** Instructions for the task **
Lines below starting with the line with "Geometriai formájú vas" and going on through the line with "Zadro Lighted Wall" must be output exactly; the rest of the records must be left out.

** Source material **
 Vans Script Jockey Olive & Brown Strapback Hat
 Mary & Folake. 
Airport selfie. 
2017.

* * *

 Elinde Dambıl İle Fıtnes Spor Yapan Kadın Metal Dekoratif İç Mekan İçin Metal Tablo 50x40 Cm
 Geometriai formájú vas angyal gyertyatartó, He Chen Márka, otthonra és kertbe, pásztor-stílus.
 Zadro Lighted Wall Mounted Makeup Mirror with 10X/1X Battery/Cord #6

** Solution for this problem **
 Geometriai formájú vas angyal gyertyatartó, He Chen Márka, otthonra és kertbe, pásztor-stílus.
 Zadro Lighted Wall Mounted Makeup Mirror with 10X/1X Battery/Cord #6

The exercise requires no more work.